*** Opening of The records ***

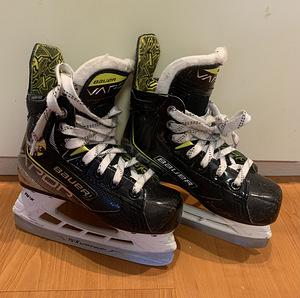 Коньки Bauer Y11,5 (2 фото из 4)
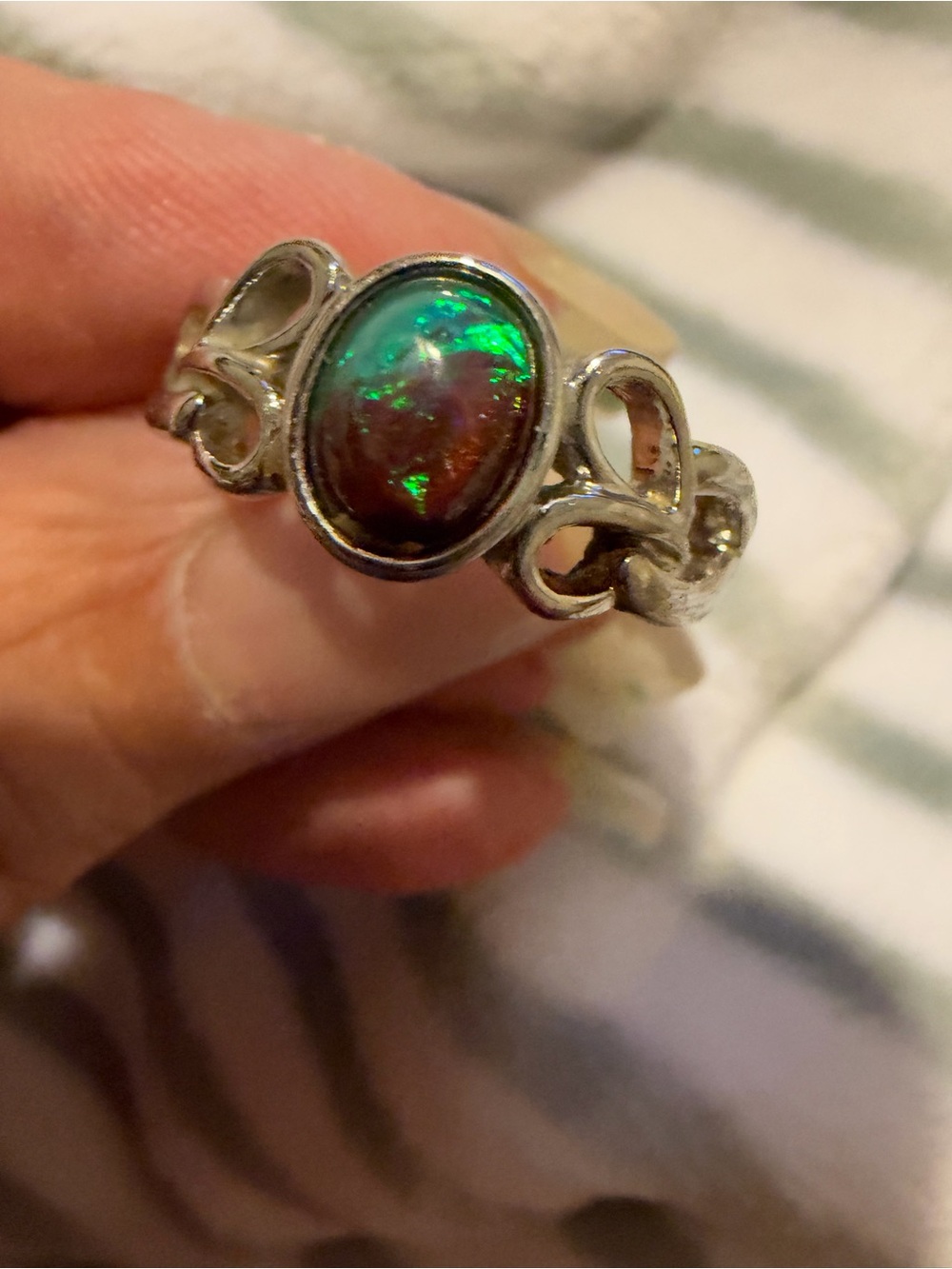 Silver Green Opal Oval Ring - Women's Jewelry size 7or an 8. It’s gorgeous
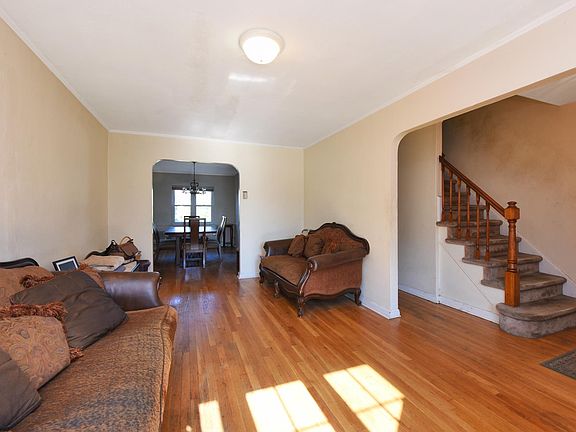 3rd image of 46-49 193rd St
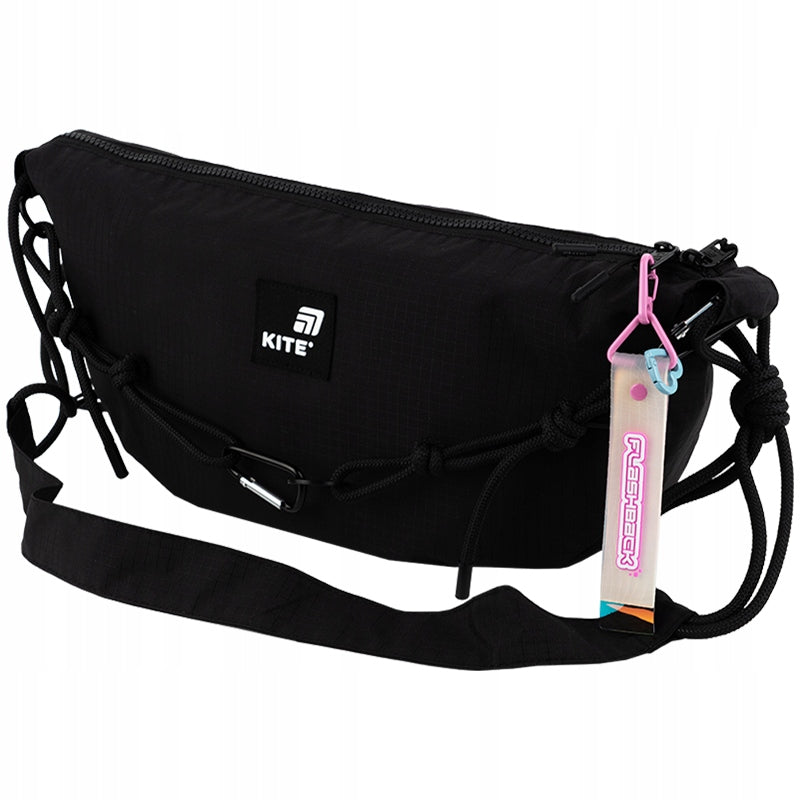 Stylowy brelok Kite przypięty do torby na ramię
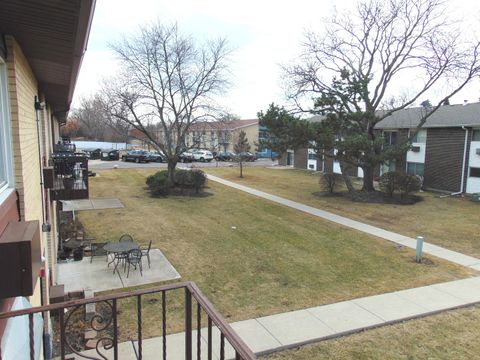 Tiny photo for 9588 N Terrace Place #208H, Des Plaines, IL 60016 (MLS # 12558977)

*** Close of The records ***

Task description:
Retyped exactly, the lines from the one holding "3rd image of 46-49 193rd St" through the last line of the data above are the whole answer. Pictures stay out.

Output below:
 3rd image of 46-49 193rd St
 Stylowy brelok Kite przypięty do torby na ramię
 Tiny photo for 9588 N Terrace Place #208H, Des Plaines, IL 60016 (MLS # 12558977)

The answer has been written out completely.